Sources: Encyclopedia Britannica, PAHO, CCA
The Cayman Islands is a self-governing British Overseas Territory in the western Caribbean Sea that consists of three main islands: Grand Cayman, Cayman Brac and Little Cayman. Grand Cayman is home to the bulk of the population (67,676 people), while the Sister Islands were home to 2,238 people in 2019.

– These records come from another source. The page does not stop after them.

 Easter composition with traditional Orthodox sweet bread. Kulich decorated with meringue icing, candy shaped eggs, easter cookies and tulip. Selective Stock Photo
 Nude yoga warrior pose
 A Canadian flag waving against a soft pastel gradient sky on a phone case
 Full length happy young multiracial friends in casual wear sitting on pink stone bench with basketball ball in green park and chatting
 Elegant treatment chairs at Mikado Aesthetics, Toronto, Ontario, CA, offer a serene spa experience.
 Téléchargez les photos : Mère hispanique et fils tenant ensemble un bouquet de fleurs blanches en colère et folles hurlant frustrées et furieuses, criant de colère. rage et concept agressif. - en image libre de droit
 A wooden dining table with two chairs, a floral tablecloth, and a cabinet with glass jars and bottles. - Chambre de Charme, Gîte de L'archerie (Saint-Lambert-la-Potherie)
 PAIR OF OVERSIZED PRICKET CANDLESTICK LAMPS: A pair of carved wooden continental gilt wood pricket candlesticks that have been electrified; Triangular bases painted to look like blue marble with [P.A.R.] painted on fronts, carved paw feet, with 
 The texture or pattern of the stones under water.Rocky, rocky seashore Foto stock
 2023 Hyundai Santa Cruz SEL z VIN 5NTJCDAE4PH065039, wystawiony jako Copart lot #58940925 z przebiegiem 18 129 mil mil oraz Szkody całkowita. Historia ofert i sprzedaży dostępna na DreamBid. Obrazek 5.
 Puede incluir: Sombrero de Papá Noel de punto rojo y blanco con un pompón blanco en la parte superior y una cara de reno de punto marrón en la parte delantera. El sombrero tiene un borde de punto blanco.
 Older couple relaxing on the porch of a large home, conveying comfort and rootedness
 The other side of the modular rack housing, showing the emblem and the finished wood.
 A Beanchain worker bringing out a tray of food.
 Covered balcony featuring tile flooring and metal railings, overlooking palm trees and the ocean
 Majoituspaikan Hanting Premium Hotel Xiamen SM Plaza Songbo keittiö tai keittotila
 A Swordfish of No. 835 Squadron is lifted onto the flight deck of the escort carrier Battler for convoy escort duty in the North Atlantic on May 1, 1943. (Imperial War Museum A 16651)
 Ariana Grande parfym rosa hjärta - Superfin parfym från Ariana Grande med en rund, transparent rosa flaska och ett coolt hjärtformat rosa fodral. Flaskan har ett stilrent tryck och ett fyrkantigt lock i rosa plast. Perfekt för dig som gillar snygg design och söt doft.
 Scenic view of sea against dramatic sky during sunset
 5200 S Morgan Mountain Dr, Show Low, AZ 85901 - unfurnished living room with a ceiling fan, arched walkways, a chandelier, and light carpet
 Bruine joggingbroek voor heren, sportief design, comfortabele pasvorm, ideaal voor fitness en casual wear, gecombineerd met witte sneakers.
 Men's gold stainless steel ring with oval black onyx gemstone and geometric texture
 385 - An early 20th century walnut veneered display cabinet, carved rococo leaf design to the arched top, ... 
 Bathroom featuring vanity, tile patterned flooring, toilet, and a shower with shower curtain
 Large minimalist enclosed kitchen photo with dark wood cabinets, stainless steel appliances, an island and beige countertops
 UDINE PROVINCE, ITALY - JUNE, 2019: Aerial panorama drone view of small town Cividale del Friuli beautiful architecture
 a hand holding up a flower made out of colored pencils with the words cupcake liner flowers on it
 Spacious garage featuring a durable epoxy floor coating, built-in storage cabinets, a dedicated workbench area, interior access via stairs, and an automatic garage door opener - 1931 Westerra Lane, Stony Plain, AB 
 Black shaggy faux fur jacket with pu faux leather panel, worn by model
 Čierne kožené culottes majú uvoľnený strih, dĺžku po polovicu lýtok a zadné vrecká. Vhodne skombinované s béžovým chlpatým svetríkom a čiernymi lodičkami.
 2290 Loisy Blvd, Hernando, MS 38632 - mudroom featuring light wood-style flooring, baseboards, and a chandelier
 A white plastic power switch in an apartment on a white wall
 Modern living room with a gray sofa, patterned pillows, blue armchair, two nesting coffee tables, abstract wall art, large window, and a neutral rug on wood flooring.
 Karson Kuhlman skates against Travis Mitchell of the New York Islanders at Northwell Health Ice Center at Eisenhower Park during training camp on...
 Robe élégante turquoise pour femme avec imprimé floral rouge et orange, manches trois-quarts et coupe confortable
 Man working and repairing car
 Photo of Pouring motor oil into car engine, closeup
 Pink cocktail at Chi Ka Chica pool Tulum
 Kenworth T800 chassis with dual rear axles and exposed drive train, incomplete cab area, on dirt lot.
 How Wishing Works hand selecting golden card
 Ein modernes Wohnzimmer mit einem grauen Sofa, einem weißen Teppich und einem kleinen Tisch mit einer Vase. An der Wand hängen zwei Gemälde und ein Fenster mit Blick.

The territory has one of the highest levels of GDP per capita of any jurisdiction in the world, which stood at USD 88,432 per capita in current dollars in 2019 . On a per capita basis, economic growth has been mostly stagnant in constant prices after falling substantially as a result of the global financial crisis in 2007/08. By 2019, GDP per capita had been mostly constant for around ten years, after falling by a little over 10 per cent in two years. Two sectors are the key drivers to the economy of the Cayman Islands: financial services and tourism. They account for 43 per cent and 17 per cent of exports respectively in 2018, but were also directly responsible for 7.4 per cent and 12.4 per cent of employment, respectively
The chief occupations on the Cayman Islands are in clerical and service work and in the construction trades. Agriculture occupies only a small number of Caymanians, and most of the islands’ food must be imported. The main crops are citrus fruits and bananas, as well as mangoes, plantains, coconuts, sweet potatoes, yams, and tomatoes. Some livestock is raised, chiefly cattle and poultry. Turtles raised on a government-operated turtle farm provide food, shells, and leather.
Exports are few. The major imports are machinery and transport equipment, other manufactured items, fuels, and foods. The United States is the Caymans’ primary trading partner in both imports and exports; other major sources of imports are Jamaica, the United Kingdom, and Japan. The United Kingdom and Jamaica are the Cayman Islands’ other major export destinations.